=== Begin Enclosure ===

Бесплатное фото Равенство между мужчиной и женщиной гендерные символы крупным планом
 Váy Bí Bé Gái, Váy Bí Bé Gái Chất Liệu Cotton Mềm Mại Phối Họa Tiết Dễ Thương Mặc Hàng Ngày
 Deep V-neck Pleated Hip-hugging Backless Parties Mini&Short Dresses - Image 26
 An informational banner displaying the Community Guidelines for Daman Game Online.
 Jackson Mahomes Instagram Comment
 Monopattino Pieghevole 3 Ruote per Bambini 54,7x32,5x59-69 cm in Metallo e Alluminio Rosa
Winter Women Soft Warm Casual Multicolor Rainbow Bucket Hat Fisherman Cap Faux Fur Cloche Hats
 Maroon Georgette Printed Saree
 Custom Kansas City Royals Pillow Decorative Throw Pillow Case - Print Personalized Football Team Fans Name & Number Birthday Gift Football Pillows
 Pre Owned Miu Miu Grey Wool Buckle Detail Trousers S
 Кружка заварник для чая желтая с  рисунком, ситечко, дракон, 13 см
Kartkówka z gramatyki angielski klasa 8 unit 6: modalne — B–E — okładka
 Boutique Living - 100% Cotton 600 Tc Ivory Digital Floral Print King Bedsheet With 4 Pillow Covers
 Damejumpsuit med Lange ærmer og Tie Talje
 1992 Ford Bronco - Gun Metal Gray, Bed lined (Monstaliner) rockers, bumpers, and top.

=== End Enclosure ===

— EXERCISE DESCRIPTION —
Every line of the listing, first to last, should be retyped exactly.

— SOLUTION TO THIS TASK —
Бесплатное фото Равенство между мужчиной и женщиной гендерные символы крупным планом
 Váy Bí Bé Gái, Váy Bí Bé Gái Chất Liệu Cotton Mềm Mại Phối Họa Tiết Dễ Thương Mặc Hàng Ngày
 Deep V-neck Pleated Hip-hugging Backless Parties Mini&Short Dresses - Image 26
 An informational banner displaying the Community Guidelines for Daman Game Online.
 Jackson Mahomes Instagram Comment
 Monopattino Pieghevole 3 Ruote per Bambini 54,7x32,5x59-69 cm in Metallo e Alluminio Rosa
Winter Women Soft Warm Casual Multicolor Rainbow Bucket Hat Fisherman Cap Faux Fur Cloche Hats
 Maroon Georgette Printed Saree
 Custom Kansas City Royals Pillow Decorative Throw Pillow Case - Print Personalized Football Team Fans Name & Number Birthday Gift Football Pillows
 Pre Owned Miu Miu Grey Wool Buckle Detail Trousers S
 Кружка заварник для чая желтая с  рисунком, ситечко, дракон, 13 см
Kartkówka z gramatyki angielski klasa 8 unit 6: modalne — B–E — okładka
 Boutique Living - 100% Cotton 600 Tc Ivory Digital Floral Print King Bedsheet With 4 Pillow Covers
 Damejumpsuit med Lange ærmer og Tie Talje
 1992 Ford Bronco - Gun Metal Gray, Bed lined (Monstaliner) rockers, bumpers, and top.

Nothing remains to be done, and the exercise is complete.